"The groundwork of all happiness is health." - Leigh Hunt

Behavioral therapy reduces long-COVID fatigue: study

May 10, 2023 – A brand new study shows that after completing 17 weeks of cognitive behavioral therapy, fatigue in individuals with Long COVID was significantly lower than in individuals with similar levels of Long COVID fatigue who didn't take part in therapy.

Cognitive behavioral therapy (CBT) is a structured talk therapy approach wherein a trained therapist helps an individual turn out to be aware of their very own perspective and learn to vary their response to situations and challenges.

Led by researchers at Amsterdam University Medical Center, the study followed 114 people within the Netherlands who suffered from severe fatigue for a minimum of three months after a COVID infection. Half of the patients were randomly assigned to receive 17 weeks of cognitive behavioral therapy that focused on their fatigue. The other participants received no specific intervention and easily continued their usual treatment for long COVID. The study participants assigned to cognitive behavioral therapy could complete the therapy online or in person.

The researchers tailored the treatment plan to the precise features of fatigue related to Long COVID.

The therapy plan included seven areas:

  1. A disturbed sleep-wake rhythm
  2. Unhelpful beliefs about fatigue
  3. A low or unevenly distributed activity level
  4. Perceived low social support
  5. Problems within the psychological processing of COVID-19
  6. Fears and worries related to COVID
  7. Poor handling of pain

Participants in cognitive behavioral therapy not only reduced their fatigue, but additionally reported fewer problems concentrating, less severe physical symptoms, and improved physical and social functioning. Results were published on Monday within the magazine Clinical infectious diseases.

“Together with the patients, we look at how they can improve their sleep-wake rhythm, for example. We also help them to become more active again with small, safe steps. For example, by taking short walks,” said researcher and professor of medical psychology Dr. Hans Knoop in a opinion.
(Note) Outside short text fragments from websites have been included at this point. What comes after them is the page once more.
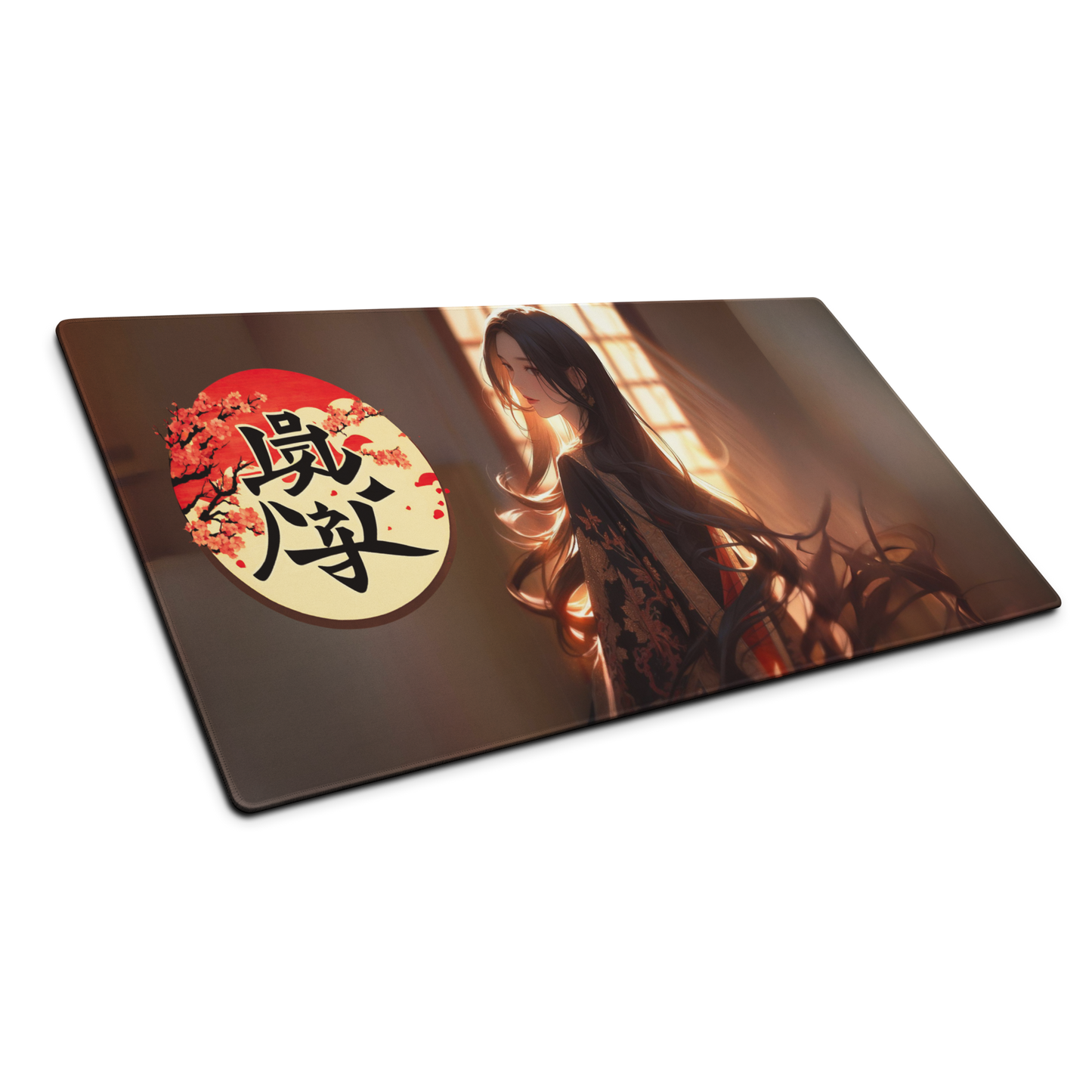 Geisha Anime 36x18 Gaming Mouse Pad with Kanji Love - Large Desk Mat for Gamers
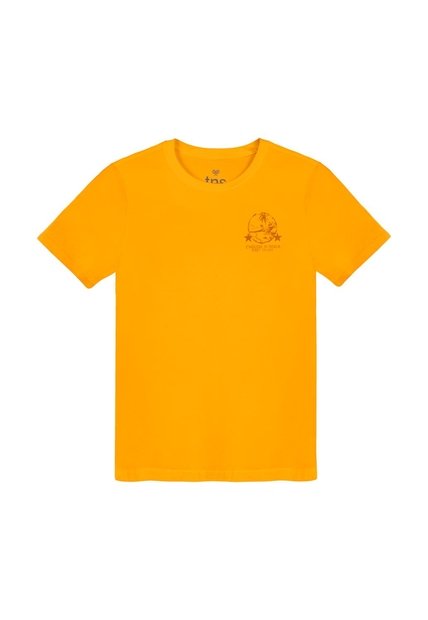 Tennis Camiseta Amarilla Estampada En Espalda Para Hombre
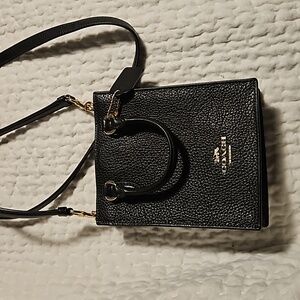 Coach black mini phone tote bag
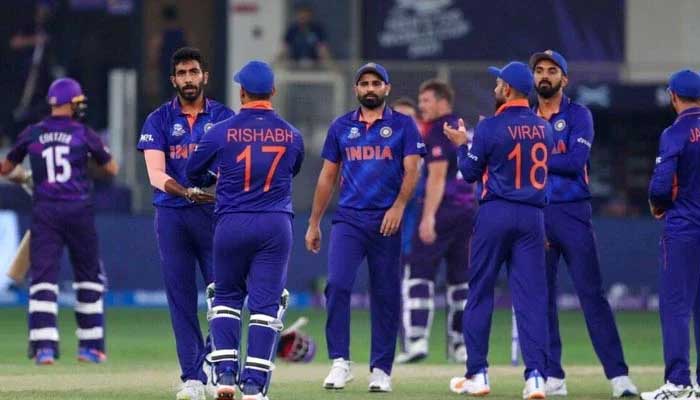 Indian players celebrate after taking a wicket during T20 Asia Cup 2022. — AFP/File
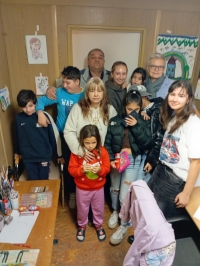 Juraj and Alica with children in the "classroom"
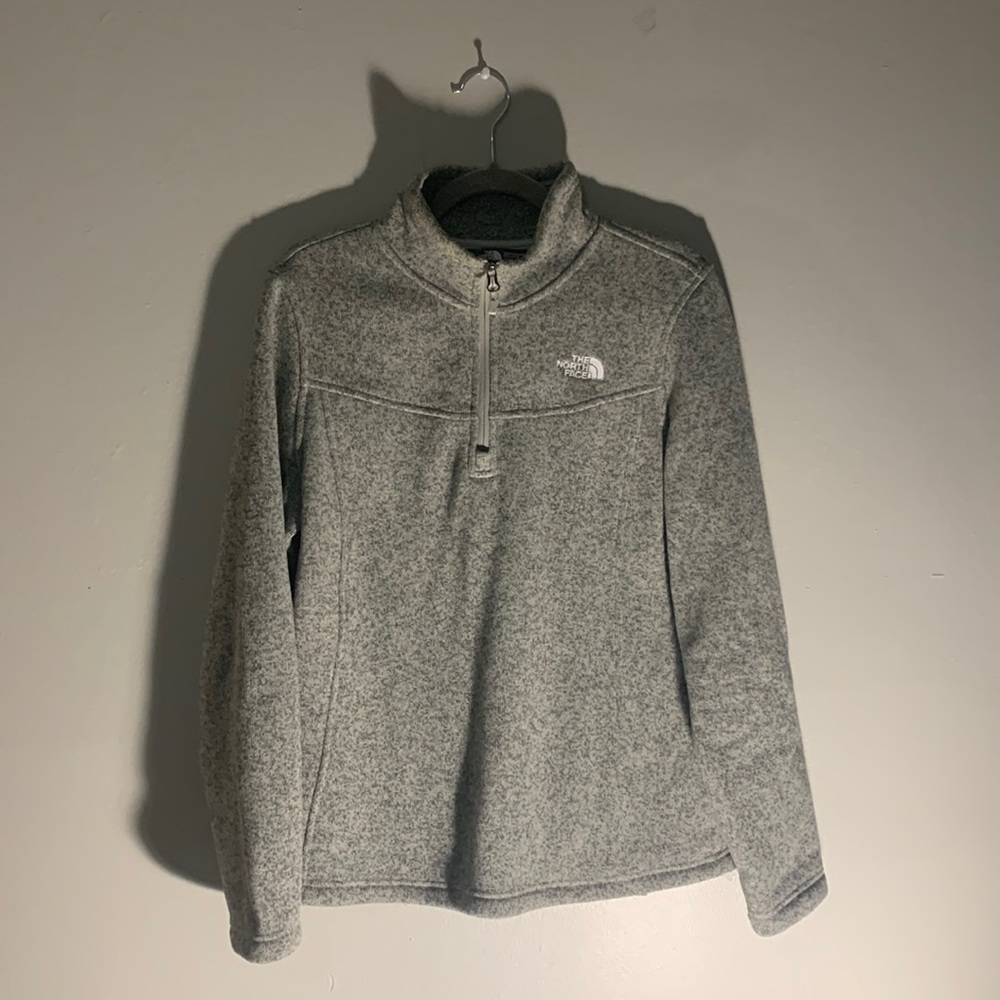 The North Face zip up. Size L gray.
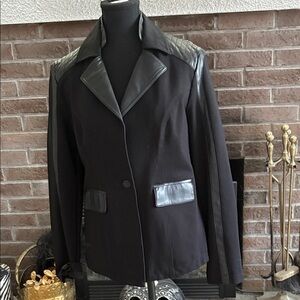 Blanc Noir Black Leather-Accented Blazer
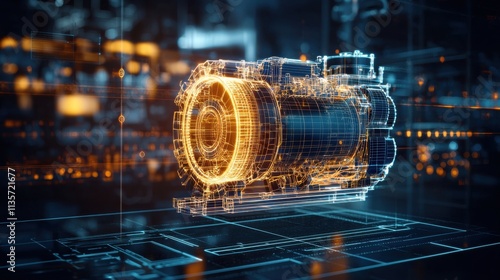 Illuminated Virtual Cummins Engine Blueprint in Dark Room with Glowing Wireframe Components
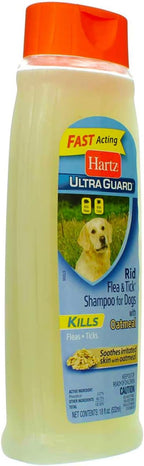 Hartz 18 ounce flea and tick oatmeal pet shampoo packaging details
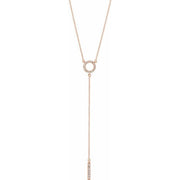 14k Rose 1/6 Ctw Natural Diamond Bar 16-18' Necklace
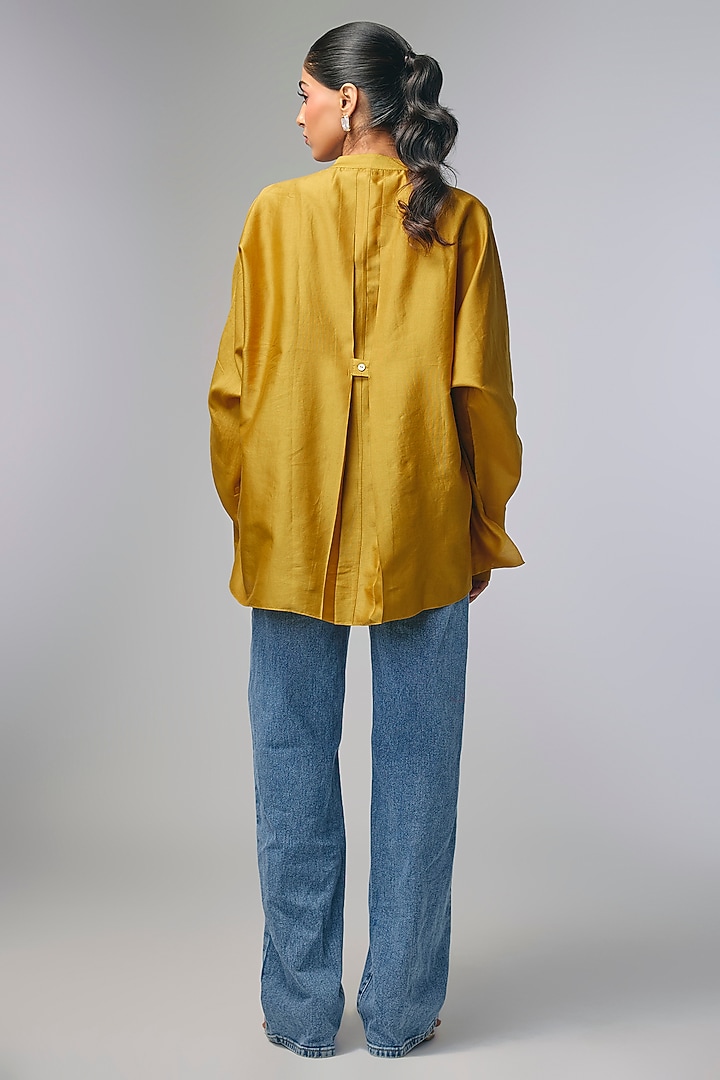Yellow Chanderi Shibori Heart Printed Shirt by Inca at Pernia's Pop Up Shop
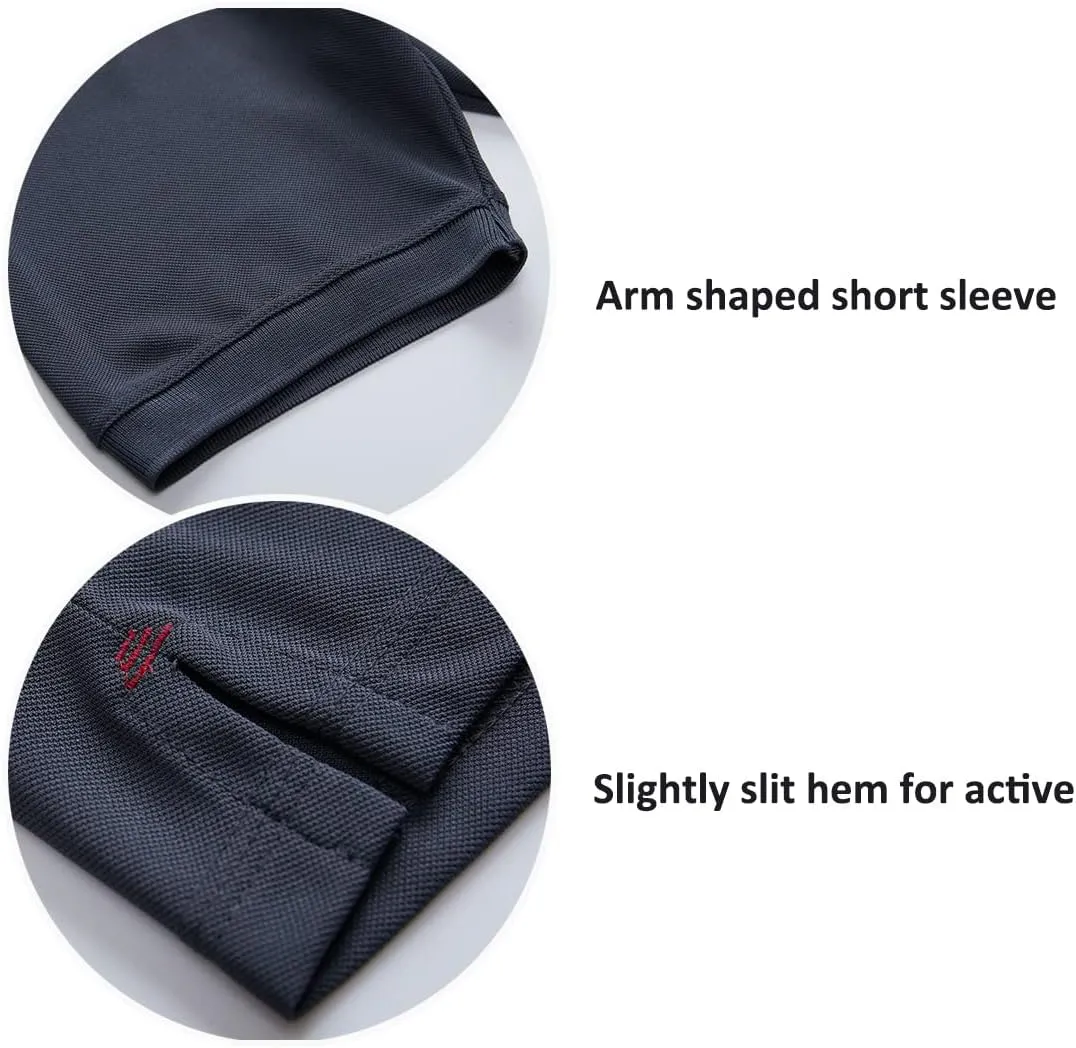 TanBridge Mens Polo T-Shirts Short Sleeve Button Down Quick Dry Lightweight Regular Fit Golf Casual Tactical Work Active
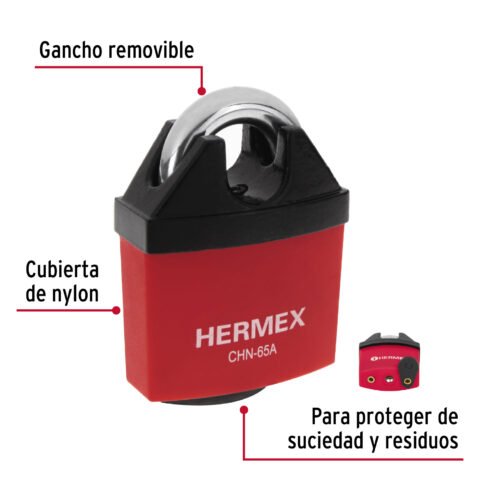 43341 - Candado de hierro 65 mm gancho protegido, llave anti-ganzúa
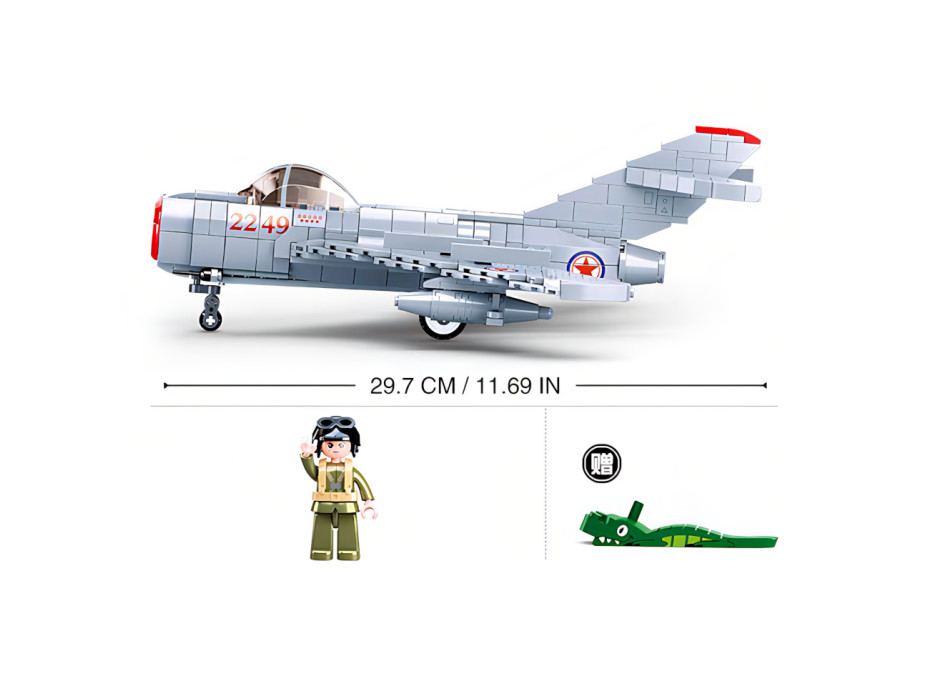 Sluban Model Bricks M38-B0983 Prúdové stíhacie lietadlo MiG-15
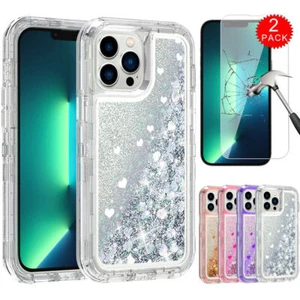 Für iPhone 13 Pro Max 12 11 Flüssig Glitzer Hülle Mädchen Süß Case Stoßfest Cover - Bild 1 von 16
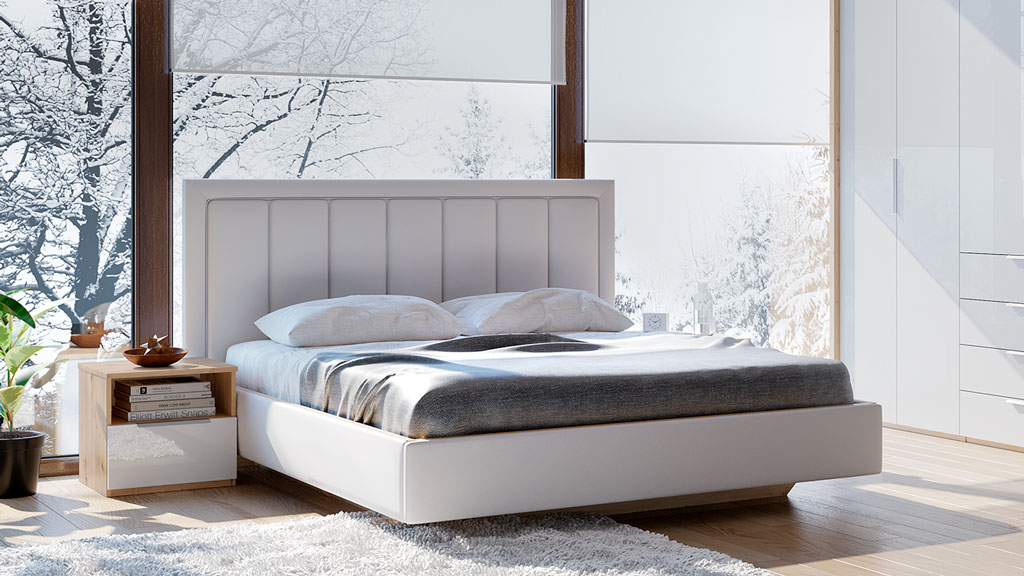 Кровать с тумбой Наполи (Дуб золотой/белый глянец)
“After behavioral therapy, patients not only had fewer symptoms, but also functioned better physically and socially,” said Knoop. “These improvements were still present after six months.”

CDC Data shows that 11% of individuals within the US who've ever had COVID reported having Long COVID, which is characterised by the occurrence of virus symptoms over an extended time period. Long COVID is a covered condition under the Americans with Disabilities Act.

The authors noted that their study had limitations that will have affected the outcomes, including that not one of the participants had been hospitalized for COVID. Additionally, all participants self-enrolled in therapy and due to this fact could have been more motivated to take part in therapy than if people had been chosen for the study in one other way.